Vers une société de surveillance généralisée ?

Allons-nous pour autant vers une société de surveillance généralisée ? Pour Malik Bozzo-Rey, « la surveillance n’est qu’une des modalités de l’influence sur les comportements et sur les transformations sociales à l’œuvre. Il nous faut aussi étudier l’interrelation entre le contexte économique et l’émergence des nouvelles technologies. S’interroger par exemple sur ce qu’annonce le déploiement bientôt massif des outils automatiques de génération de langage et d’écriture ».

Rapports sociaux et fonctionnement de la démocratie

CEThicS développera quatre thèmes de recherche : l’analyse généalogique et conceptuelle de la surveillance ; l’élaboration des conditions de possibilité et de légitimité d’une éthique de la surveillance ; l’inscription des discours et imaginaires sur la surveillance dans la sphère publique ; les expériences vécues de la surveillance.

L’utilité de ces recherches réside finalement dans la capacité à mieux comprendre les mécanismes et dynamiques de surveillance à l’œuvre ainsi que leurs impacts sur la conception de la nature humaine, sur les rapports sociaux et, plus fondamentalement, sur le fonctionnement de la démocratie.

Un colloque ECOPOSS en 2025 : de la ville intelligente à la ville sécuritaire

À la fin des années 2000 émerge l’idée de « smart cities », métropoles intelligentes marquées par l’usage des technologies dans la vie quotidienne.
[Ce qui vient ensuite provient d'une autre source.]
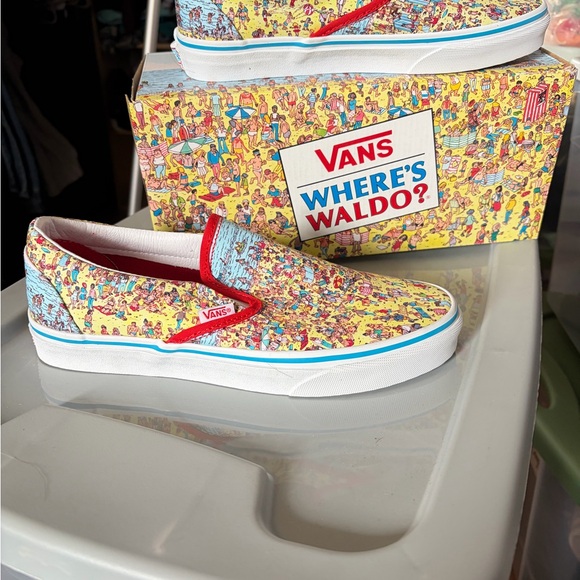 Vans Multicolor Where's Waldo Slip-On Sneakers - Picture 2 of 3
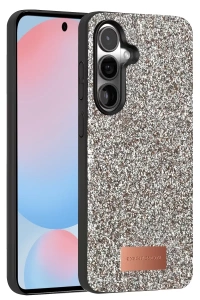 Samsung Galaxy S24 Plus Bright Simli Kapak - Gümüş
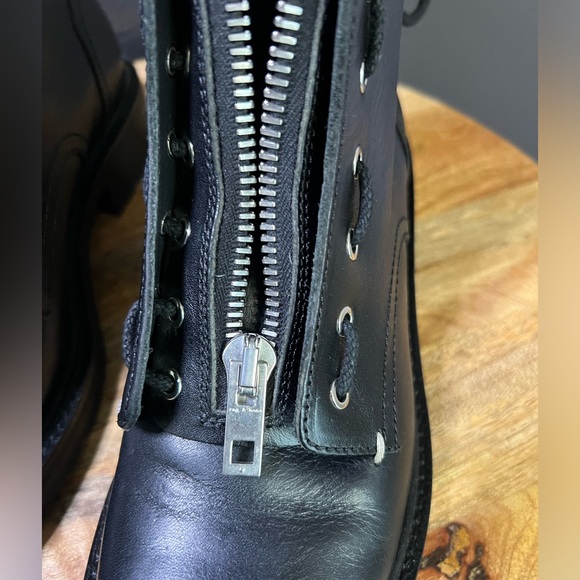 Rag & Bone Cannon Boot In Black Size: EU36 (US6) Zipper Detail - Picture 10 of 12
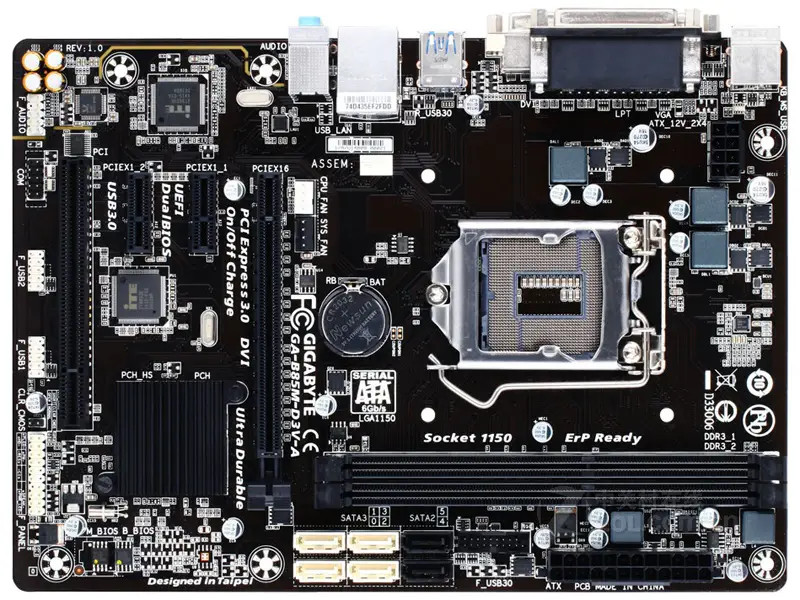 Gigabyte GA-B85M-D3V-A B85M-D3V-A Desktop-Motherboard B85 LGA1150 DDR3 16GB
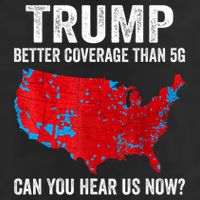 Trump Better Coverage Than 5g Can You Hear Us Now Politics Microfiber Hand Towel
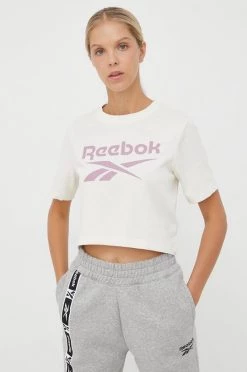 Γυναικεία Κοντομάνικο Μπλουζάκι Reebok μπεζ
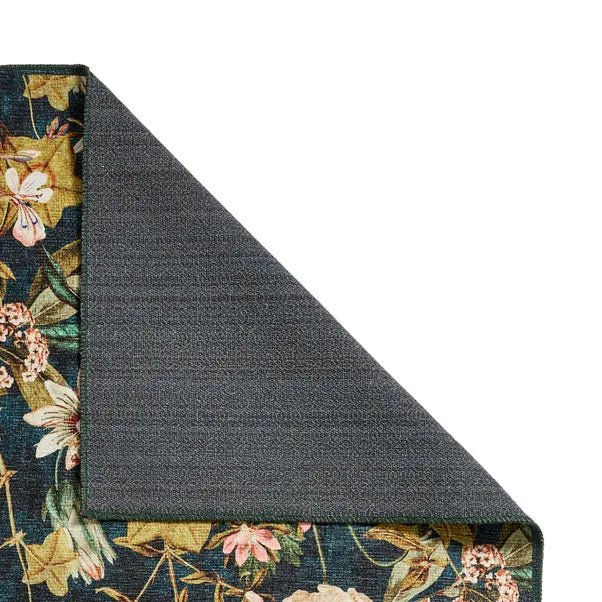 Clarke & Clarke Passiflora Washable, Forest 76 x 150cm,120 x 170cm,152 x 230,185 x 290cm,61 x 230cm runner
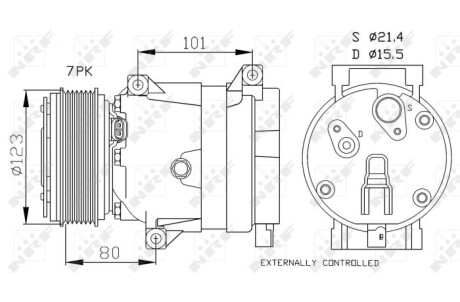 Фото 2 - Компресор кондиціонера NRF 32872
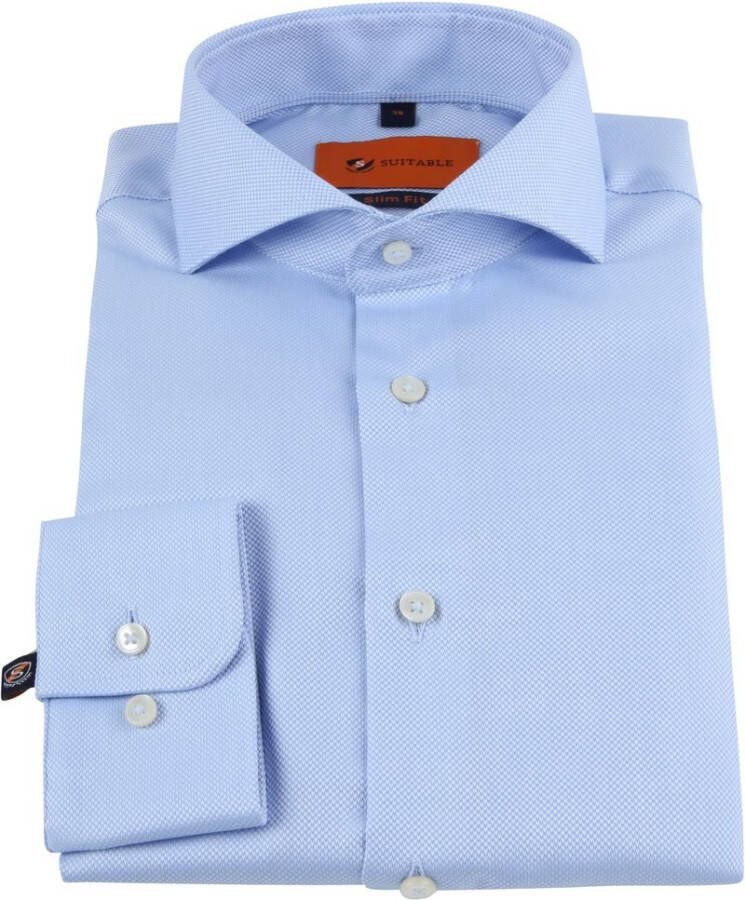 Suitable Non Iron Overhemd Blauw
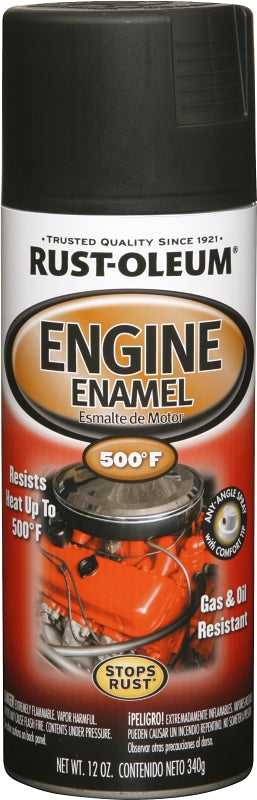 Rust-Oleum 248936 Engine Spray Paint, Black, 12 oz, Can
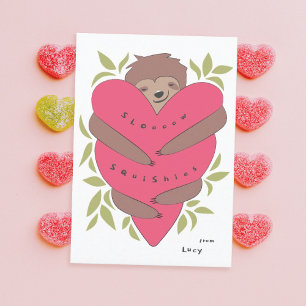 Agradecimiento Tarjeta de El día de San Valentín Slogs Hugs Class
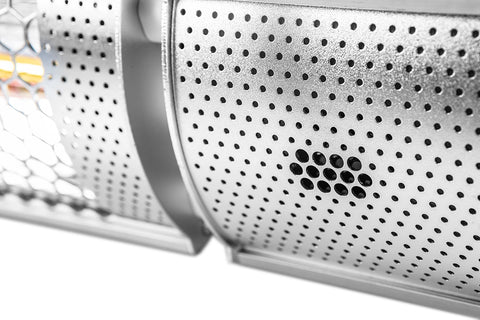 Halogén, infravörös hősugárzó 2000W, IP55, infravörös arany halogén izzó, kül/beltér, fal/menny., 18m2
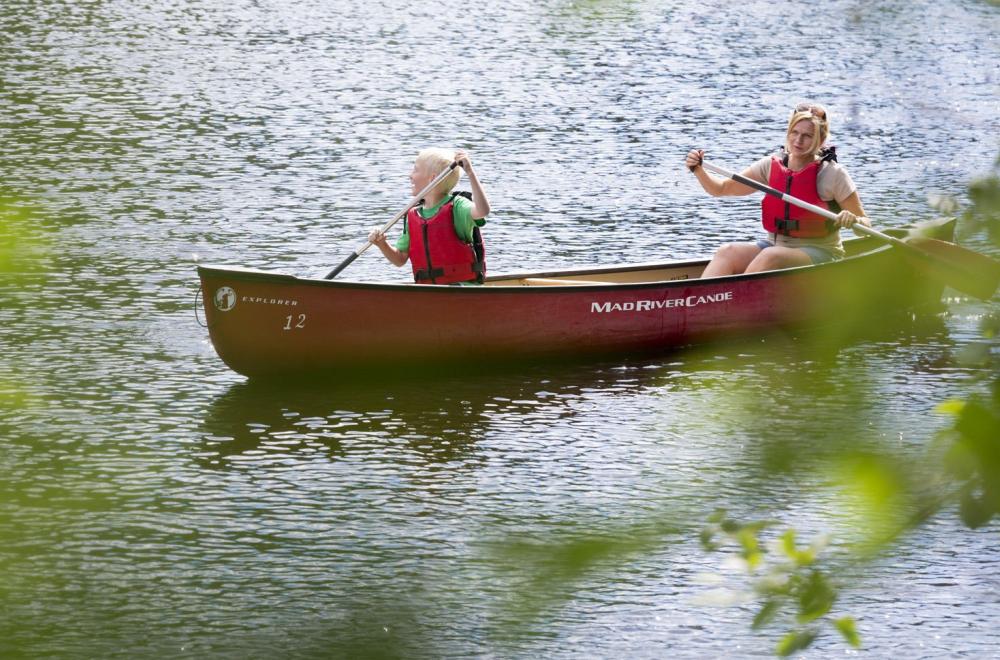 Peaceful paddling on The Öreälven River
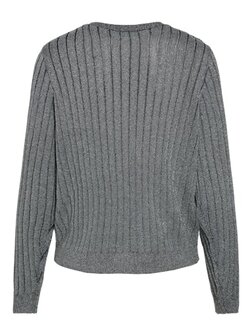 Vila glitter vest black, silver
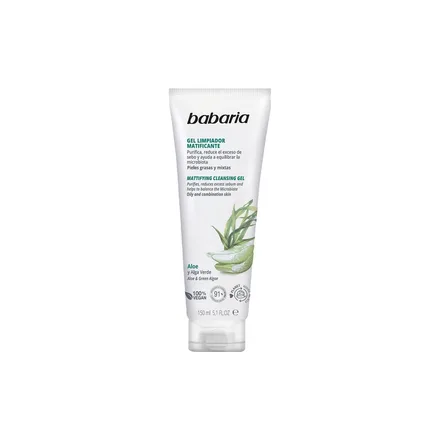 Babaria Gel Limpador Matificante Aloe Alga 150ml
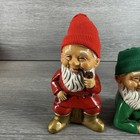 Vintage Chalkware Gnome 5  Figurines Dwarf Elf   Mint Cond    Japan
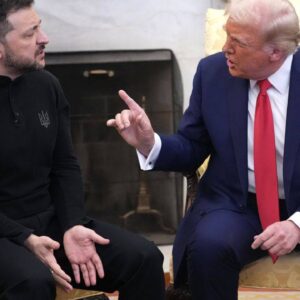 Quizá el malestar de Trump, aumento por no usar traje  Zelensky
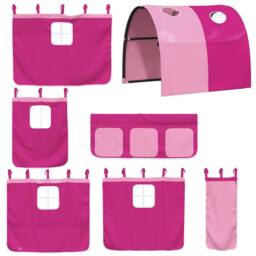 Berkfield Home Elegant Bunk Bed without Mattress Pink 80x200 cm Solid Wood Pine - thumbnail 9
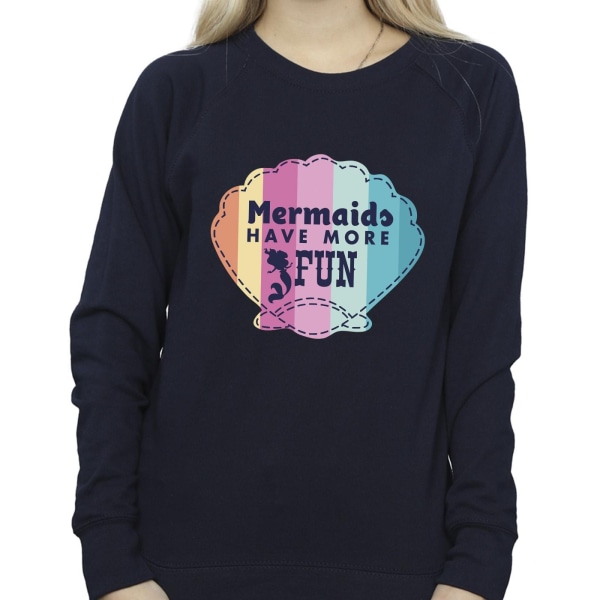 Disney Womens/Ladies The Little Mermaid Fun Sweatshirt M Navy B Navy Blue M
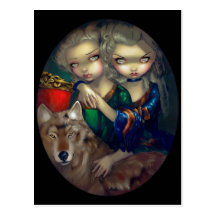 "Loup-Garou:  Les Jumeaux" Postcard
Cette vision est désormais perçue comme une utopie, battue en brèche par la complexité du fonctionnement des villes. Elle est confrontée aussi à la notion de « ville verte » marquée par la sobriété énergétique et la réduction des dépenses des villes. Est apparu alors le concept de « safe cities », villes sécuritaires avec surveillance des comportements et contrôle social.

Le colloque permettra de s’interroger sur les multiples dysfonctionnements inhérents à la connectivité et à la multiplication des dispositifs numériques, aux possibilités de détournement que ceux-ci permettent, paradoxalement. Propriété et distribution des données dans l’urbanisme numérique, cybersécurité, imaginaire de la ville automatisée, gouvernance de villes numériques (comment et par qui), ville intelligente et sobriété énergétique…autant de sujets qui seront à l’étude.